» ACTION ITEM:
Look for the line containing "Apartment for sale" and the line containing "830 Warwick Lane" in the entries below. Copy those two and all lines between them exactly, leaving out pictures.
DATASET: Begin
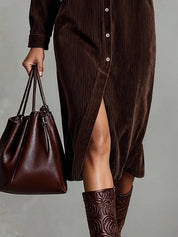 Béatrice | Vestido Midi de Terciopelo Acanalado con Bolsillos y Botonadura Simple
DATASET: End
DATASET: Begin
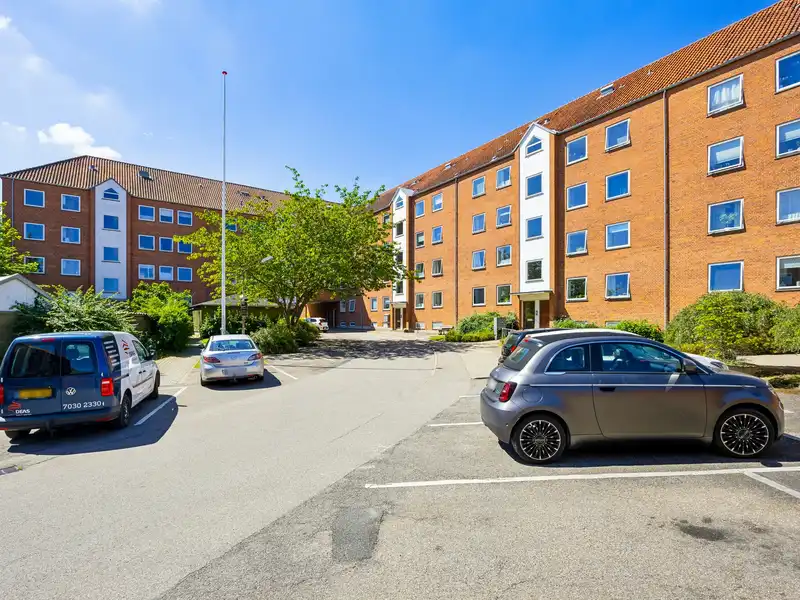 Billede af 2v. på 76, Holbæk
DATASET: End
DATASET: Begin
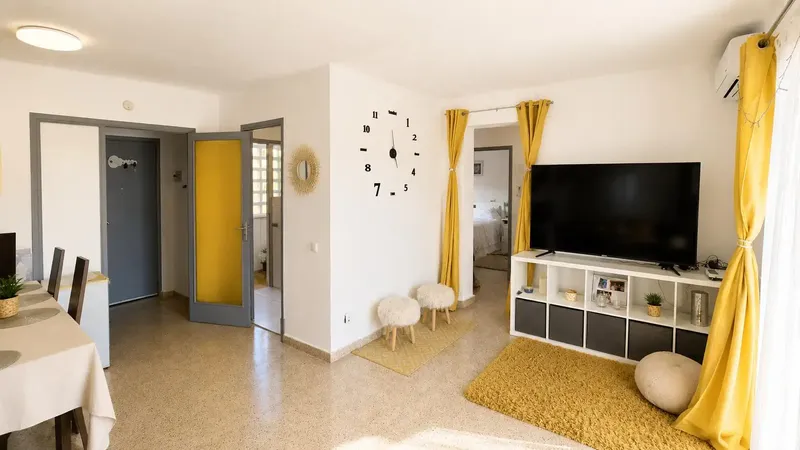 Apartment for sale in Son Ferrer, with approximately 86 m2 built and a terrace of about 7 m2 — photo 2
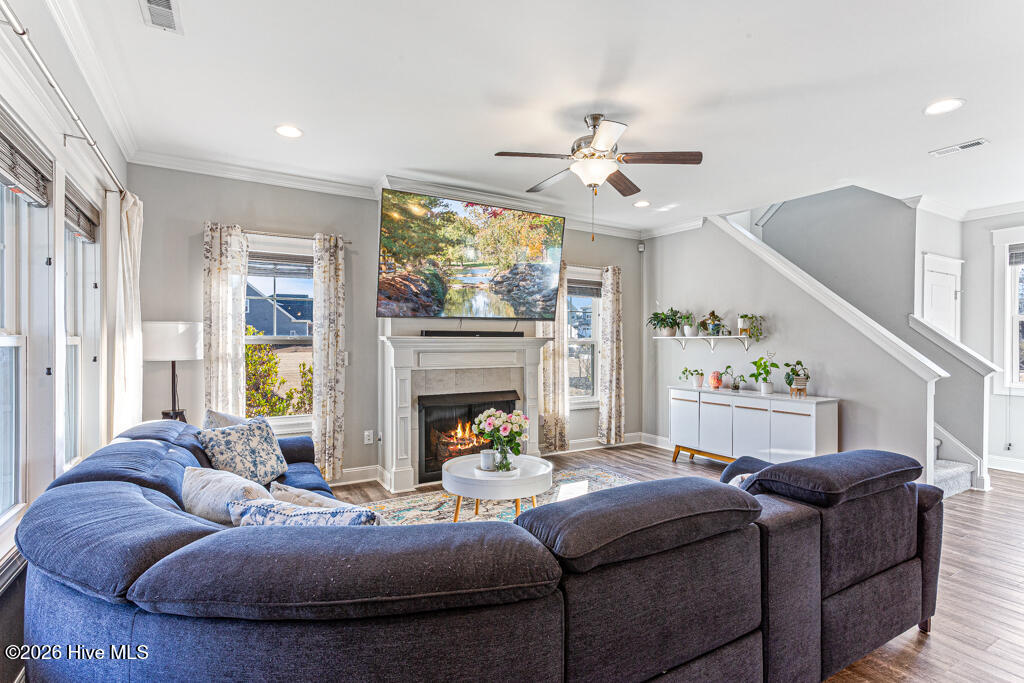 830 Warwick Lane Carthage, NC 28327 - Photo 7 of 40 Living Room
DATASET: End
» ANSWER BOX:
 Apartment for sale in Son Ferrer, with approximately 86 m2 built and a terrace of about 7 m2 — photo 2
 830 Warwick Lane Carthage, NC 28327 - Photo 7 of 40 Living Room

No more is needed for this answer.